The idea we have for you today plays off one of our ongoing themes — “extraction.”

“We’ve got a real problem! This is a mathematical fact! Tens of trillions of dollars are being extracted from the United States of America,” ranted MSNBC pundit Dylan Ratigan in 2011. “An entire integrated system — financial system, trading system, taxing system — that was created by both parties over a period of two decades is at work on our entire country right now.”

Former Treasury Department official Paul Craig Roberts — sometimes credited as the “father of Reaganomics” — elaborated on this idea in 2012. “Washington’s empire extracts resources from the American people for the benefit of the few powerful interest groups that rule America,” he writes. “The U.S. Constitution has been extracted in the interests of the Security State, and Americans’ incomes have been redirected to the pockets of the 1%.”

With farmland, the supply picture is even tighter…it’s disappearing at a rate of 275 acres an hour…

It’s an outrage… but there’s also nothing we can do to stop it. So we’ve expended no small amount of energy trying to find ways you can follow the money. If you’ve invested in the iShares Dow Jones Aerospace & Defense ETF (ITA), you’ve done very nicely “making the empire pay” and channeling some of your tax dollars back to your own pocket. In the last year, ITA is up 35%, while the S&P 500 is up 20%.

But most of our searching has come up short. In January 2012, we wrote of “a dystopian America of the near future” in which millions of foreclosed homes sitting on the federal government’s books are flipped at fire-sale prices to hedge funds and private equity firms with government connections.

This was the start of the “REO-to-rental” program in which outfits like Blackstone Group bought single-family homes for a song from Fannie Mae and Freddie Mac, turning them into rental properties.

“Once the privatization has occurred,” we quoted one expert, “and the properties are generating rental income for the investors, the initial investors will cash out by forming real estate investment trusts (REITs), real estate operating companies (REOCs) or limited partnerships (LPs) that will be made available to retail investors.”

We said that by that time, the easy money would have already been made.

In the event, the first single-family home REIT — Silver Bay Realty Trust (SBY) — went public later in 2012. It has been a miserable performer.
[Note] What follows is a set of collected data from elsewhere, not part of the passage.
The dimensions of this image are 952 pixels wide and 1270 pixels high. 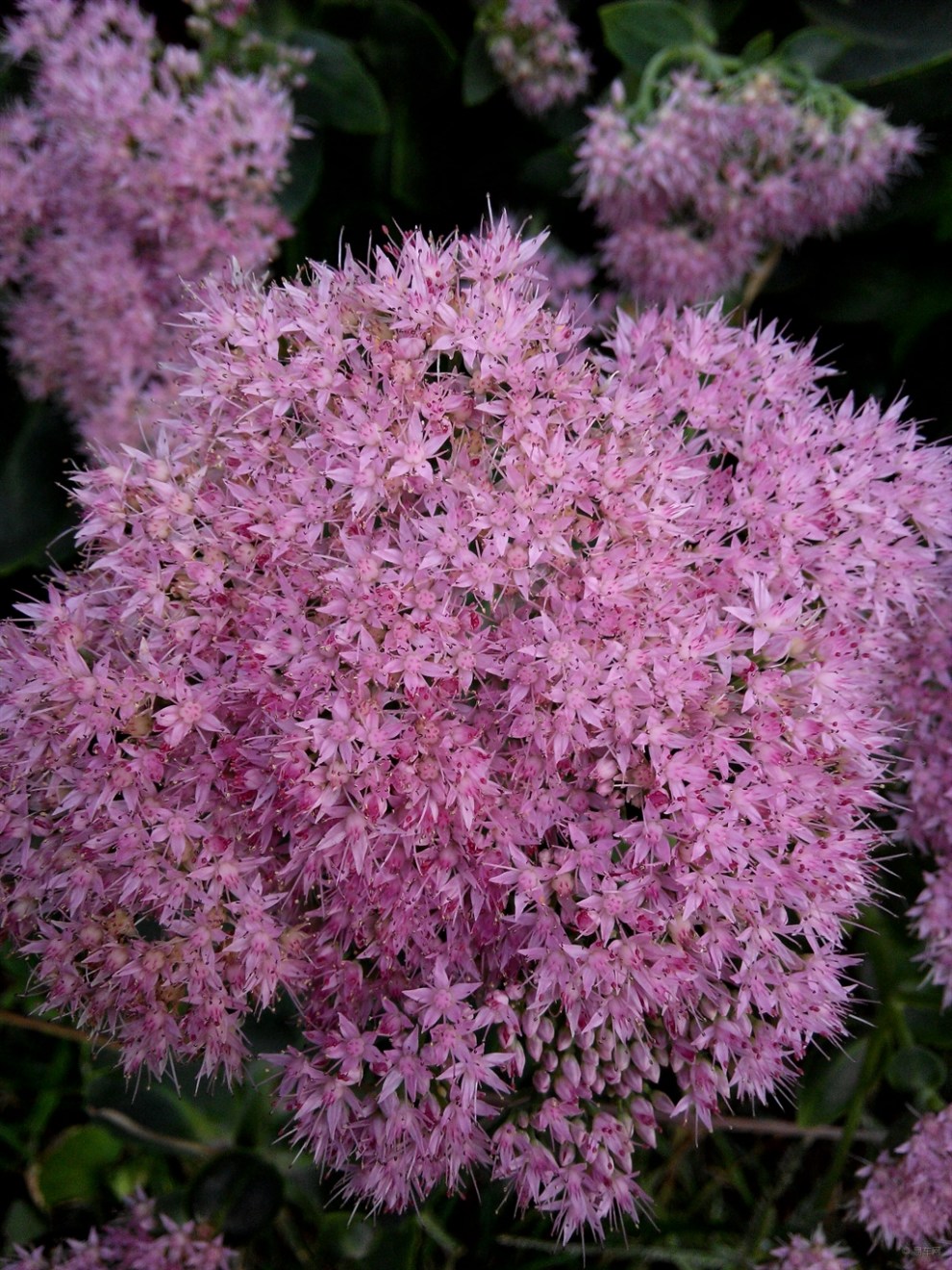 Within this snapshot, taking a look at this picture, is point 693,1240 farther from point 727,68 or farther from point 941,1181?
point 727,68

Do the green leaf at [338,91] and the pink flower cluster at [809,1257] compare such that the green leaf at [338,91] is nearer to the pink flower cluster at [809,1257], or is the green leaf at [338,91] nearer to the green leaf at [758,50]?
the green leaf at [758,50]

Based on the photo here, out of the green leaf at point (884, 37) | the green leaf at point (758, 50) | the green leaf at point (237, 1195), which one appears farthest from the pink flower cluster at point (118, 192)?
the green leaf at point (237, 1195)

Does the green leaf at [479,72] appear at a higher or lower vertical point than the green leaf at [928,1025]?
higher

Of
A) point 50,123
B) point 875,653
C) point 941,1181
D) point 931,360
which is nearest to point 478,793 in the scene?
point 875,653

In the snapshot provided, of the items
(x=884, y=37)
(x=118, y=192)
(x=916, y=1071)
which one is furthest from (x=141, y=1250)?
(x=884, y=37)

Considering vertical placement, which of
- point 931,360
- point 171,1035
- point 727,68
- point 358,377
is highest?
point 727,68

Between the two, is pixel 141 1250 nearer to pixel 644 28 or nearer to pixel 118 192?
pixel 118 192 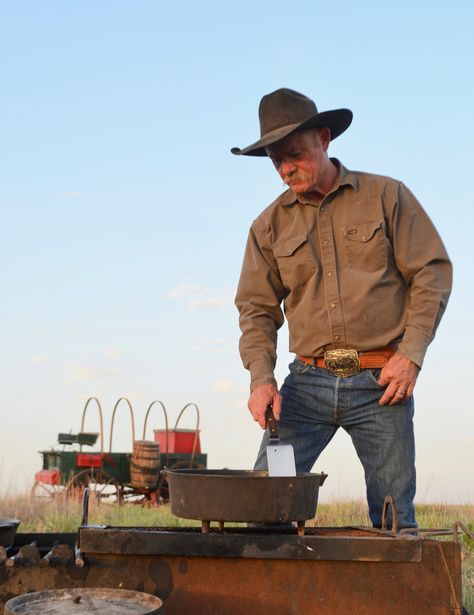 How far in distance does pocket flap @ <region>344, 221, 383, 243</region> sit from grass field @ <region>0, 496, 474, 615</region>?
355 centimetres

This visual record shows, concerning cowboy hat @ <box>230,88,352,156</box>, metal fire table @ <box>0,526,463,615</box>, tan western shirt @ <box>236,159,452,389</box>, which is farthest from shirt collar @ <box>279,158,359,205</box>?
metal fire table @ <box>0,526,463,615</box>

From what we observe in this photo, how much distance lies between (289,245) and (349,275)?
1.23 ft

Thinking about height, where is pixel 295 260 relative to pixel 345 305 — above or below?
above

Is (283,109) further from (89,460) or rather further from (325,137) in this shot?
(89,460)

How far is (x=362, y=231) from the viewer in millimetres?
4398

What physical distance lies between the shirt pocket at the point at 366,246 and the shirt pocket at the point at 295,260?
20cm

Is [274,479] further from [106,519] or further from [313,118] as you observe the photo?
[106,519]

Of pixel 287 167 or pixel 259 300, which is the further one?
pixel 259 300

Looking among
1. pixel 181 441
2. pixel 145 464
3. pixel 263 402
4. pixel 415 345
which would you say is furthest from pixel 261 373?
pixel 181 441

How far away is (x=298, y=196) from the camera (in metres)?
4.56

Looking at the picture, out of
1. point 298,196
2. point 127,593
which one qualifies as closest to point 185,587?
point 127,593

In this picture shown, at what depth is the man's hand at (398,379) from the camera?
13.5ft

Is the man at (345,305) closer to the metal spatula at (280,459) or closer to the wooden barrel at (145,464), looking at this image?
the metal spatula at (280,459)

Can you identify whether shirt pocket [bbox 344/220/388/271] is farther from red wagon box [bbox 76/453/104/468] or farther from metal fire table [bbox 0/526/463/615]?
red wagon box [bbox 76/453/104/468] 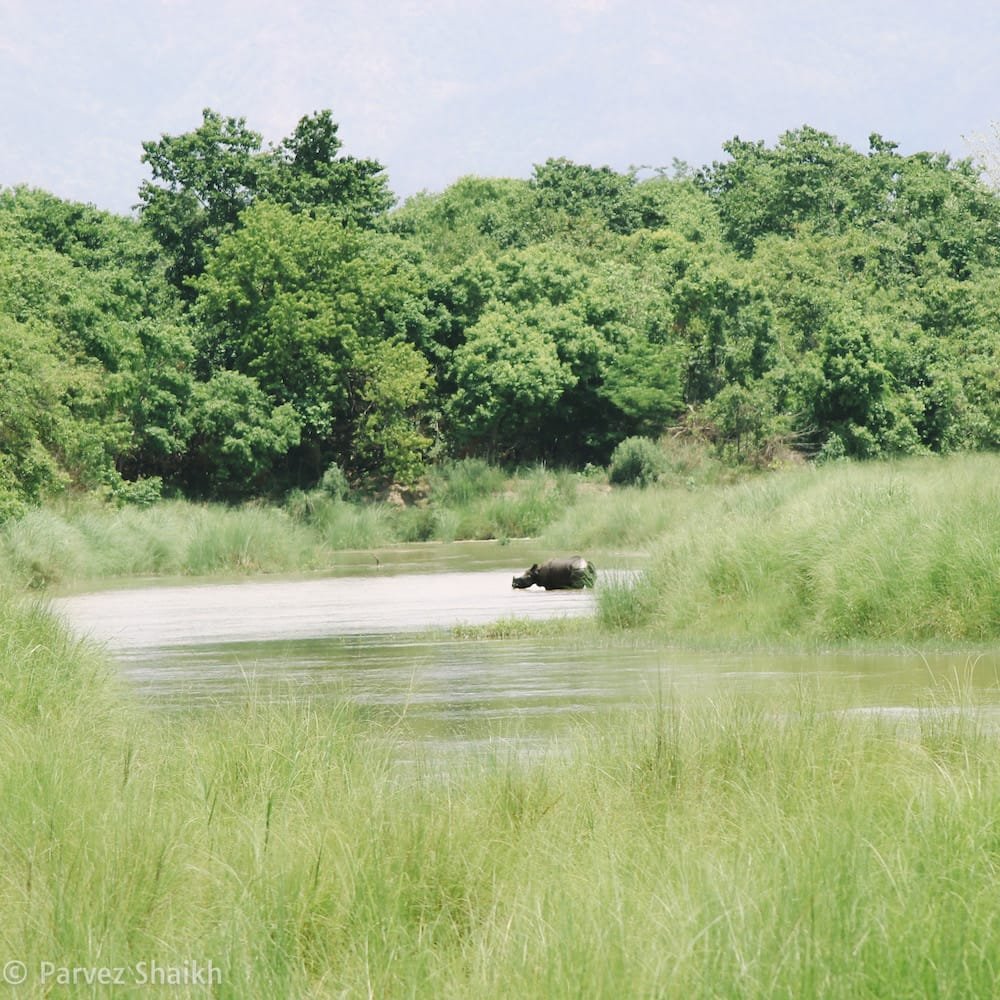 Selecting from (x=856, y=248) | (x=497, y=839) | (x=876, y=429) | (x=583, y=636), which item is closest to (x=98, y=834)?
(x=497, y=839)

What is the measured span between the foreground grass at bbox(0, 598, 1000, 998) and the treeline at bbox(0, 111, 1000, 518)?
109 ft

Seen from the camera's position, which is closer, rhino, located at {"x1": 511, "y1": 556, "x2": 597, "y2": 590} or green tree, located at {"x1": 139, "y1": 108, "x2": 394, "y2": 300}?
rhino, located at {"x1": 511, "y1": 556, "x2": 597, "y2": 590}

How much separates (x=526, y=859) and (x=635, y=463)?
41.8m

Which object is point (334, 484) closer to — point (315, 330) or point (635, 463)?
point (315, 330)

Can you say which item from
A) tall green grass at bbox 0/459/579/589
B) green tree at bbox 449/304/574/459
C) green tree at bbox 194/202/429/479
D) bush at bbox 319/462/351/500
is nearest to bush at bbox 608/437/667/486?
tall green grass at bbox 0/459/579/589

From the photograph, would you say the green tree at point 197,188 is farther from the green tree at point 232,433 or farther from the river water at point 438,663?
the river water at point 438,663

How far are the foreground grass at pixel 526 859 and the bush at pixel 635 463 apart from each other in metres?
38.7

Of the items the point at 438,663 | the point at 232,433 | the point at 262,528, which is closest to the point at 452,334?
the point at 232,433

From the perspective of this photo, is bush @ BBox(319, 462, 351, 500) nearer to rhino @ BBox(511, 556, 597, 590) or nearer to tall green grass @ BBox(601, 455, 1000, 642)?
A: rhino @ BBox(511, 556, 597, 590)

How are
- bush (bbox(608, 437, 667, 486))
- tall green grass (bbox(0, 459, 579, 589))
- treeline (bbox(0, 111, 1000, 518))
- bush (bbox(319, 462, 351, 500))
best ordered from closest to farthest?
1. tall green grass (bbox(0, 459, 579, 589))
2. treeline (bbox(0, 111, 1000, 518))
3. bush (bbox(319, 462, 351, 500))
4. bush (bbox(608, 437, 667, 486))

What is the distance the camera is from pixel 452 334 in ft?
174

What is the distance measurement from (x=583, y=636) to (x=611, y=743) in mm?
9722

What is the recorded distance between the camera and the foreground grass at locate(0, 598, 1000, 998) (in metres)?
4.61

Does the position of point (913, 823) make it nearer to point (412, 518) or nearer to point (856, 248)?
point (412, 518) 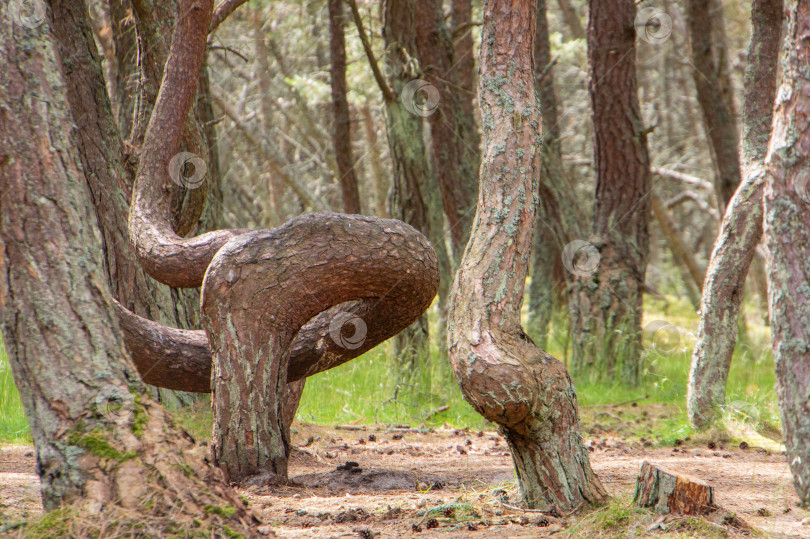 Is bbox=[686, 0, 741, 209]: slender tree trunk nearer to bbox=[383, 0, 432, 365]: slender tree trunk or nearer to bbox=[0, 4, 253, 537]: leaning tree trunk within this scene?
bbox=[383, 0, 432, 365]: slender tree trunk

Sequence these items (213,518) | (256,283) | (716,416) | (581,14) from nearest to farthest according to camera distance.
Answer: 1. (213,518)
2. (256,283)
3. (716,416)
4. (581,14)

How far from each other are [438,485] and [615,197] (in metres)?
4.58


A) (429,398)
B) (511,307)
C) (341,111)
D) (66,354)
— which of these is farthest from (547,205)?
(66,354)

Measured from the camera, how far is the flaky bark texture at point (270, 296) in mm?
3816

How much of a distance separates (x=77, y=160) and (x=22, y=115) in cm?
23

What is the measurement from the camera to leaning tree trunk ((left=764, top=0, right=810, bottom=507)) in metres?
2.50

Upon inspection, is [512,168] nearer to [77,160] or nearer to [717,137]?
[77,160]

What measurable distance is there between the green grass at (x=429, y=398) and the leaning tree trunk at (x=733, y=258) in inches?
11.1

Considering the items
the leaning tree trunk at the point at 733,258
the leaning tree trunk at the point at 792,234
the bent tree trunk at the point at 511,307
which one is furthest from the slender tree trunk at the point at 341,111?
the leaning tree trunk at the point at 792,234

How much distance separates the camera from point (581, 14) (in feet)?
56.5

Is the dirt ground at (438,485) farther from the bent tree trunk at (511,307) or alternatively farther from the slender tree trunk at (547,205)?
the slender tree trunk at (547,205)

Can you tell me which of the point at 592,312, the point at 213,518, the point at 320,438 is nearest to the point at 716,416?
the point at 592,312

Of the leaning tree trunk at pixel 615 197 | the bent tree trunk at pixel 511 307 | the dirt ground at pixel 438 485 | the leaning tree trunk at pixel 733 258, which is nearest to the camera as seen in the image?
the bent tree trunk at pixel 511 307

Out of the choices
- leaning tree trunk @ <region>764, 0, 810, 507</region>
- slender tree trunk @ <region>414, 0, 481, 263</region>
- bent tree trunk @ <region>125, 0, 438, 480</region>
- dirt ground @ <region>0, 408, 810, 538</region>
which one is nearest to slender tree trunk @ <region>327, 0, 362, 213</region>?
slender tree trunk @ <region>414, 0, 481, 263</region> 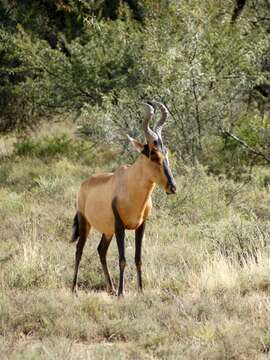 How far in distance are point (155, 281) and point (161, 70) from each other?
694 cm

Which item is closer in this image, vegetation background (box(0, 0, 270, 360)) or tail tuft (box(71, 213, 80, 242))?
vegetation background (box(0, 0, 270, 360))

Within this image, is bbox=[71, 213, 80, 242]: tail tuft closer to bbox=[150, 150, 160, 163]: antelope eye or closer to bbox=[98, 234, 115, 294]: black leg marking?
bbox=[98, 234, 115, 294]: black leg marking

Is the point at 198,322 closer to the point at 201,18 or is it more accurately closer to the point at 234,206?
the point at 234,206

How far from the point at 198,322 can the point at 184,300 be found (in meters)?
0.79

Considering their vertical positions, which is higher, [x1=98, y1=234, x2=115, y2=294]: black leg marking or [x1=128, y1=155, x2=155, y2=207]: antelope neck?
[x1=128, y1=155, x2=155, y2=207]: antelope neck

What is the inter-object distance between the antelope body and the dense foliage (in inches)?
206

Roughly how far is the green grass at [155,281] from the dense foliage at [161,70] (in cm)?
160

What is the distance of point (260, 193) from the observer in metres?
15.0

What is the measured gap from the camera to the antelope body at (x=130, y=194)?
9.06m

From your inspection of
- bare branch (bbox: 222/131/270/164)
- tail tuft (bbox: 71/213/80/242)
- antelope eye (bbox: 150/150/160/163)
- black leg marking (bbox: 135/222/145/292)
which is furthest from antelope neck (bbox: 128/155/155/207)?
bare branch (bbox: 222/131/270/164)

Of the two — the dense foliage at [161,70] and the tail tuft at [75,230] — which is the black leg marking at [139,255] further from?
the dense foliage at [161,70]

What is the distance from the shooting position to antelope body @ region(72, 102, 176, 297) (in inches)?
357

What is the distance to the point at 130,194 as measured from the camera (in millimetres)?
9250

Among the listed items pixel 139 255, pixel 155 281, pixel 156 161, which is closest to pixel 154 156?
pixel 156 161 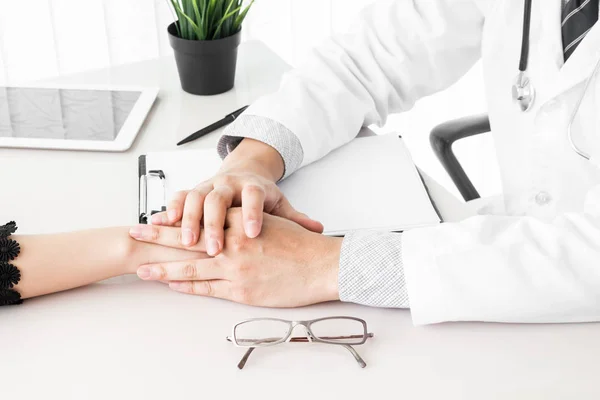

None of the others has done any better.

A feast for the big boys, crumbs for you.

Now Wall Street is setting its sights on a different kind of real estate — farmland.

“Driven by everything from rising food prices to growing demand for biofuel, the financial sector is taking an interest in farmland as never before,” says a February report from the Oakland Institute, a farm-focused think tank in California.

The numbers cited in its report are eye-popping: $10 billion in institutional capital is looking to acquire farmland. Over the next 20 years, as the current generation of farmers heads into retirement, some 400 million acres will change hands. That’s fully one-half of all U.S. farmland.

Major players already putting down stakes on the farm include TIAA-CREF, the giant pension fund for nonprofits; Hancock Agricultural Investment Group, an arm of the John Hancock investment empire; and UBS AgriVest, an arm of the Swiss bank UBS. The three of them put together own nearly 600,000 acres.

After doing more of our own research, we think farmland still has immense potential. Remember, there’s $10 billion of Wall Street money that will be chasing after farmland over the next 20 years.

“Buy land; they’re not making it anymore,” goes the old quip attributed variously to Mark Twain and Will Rogers.

With farmland, the supply picture is even tighter — not only are they not making it anymore, but it’s disappearing at a rate of 275 acres an hour, according to the U.S. Department of Agriculture.

“The U.S. is losing farmland at a fairly rapid pace to strip malls, parking lots, highways and other forms of development,” says the farm news service Agri-Pulse. Over the last three decades, the USDA reckons the amount of U.S. land devoted to farms has fallen 7.3%.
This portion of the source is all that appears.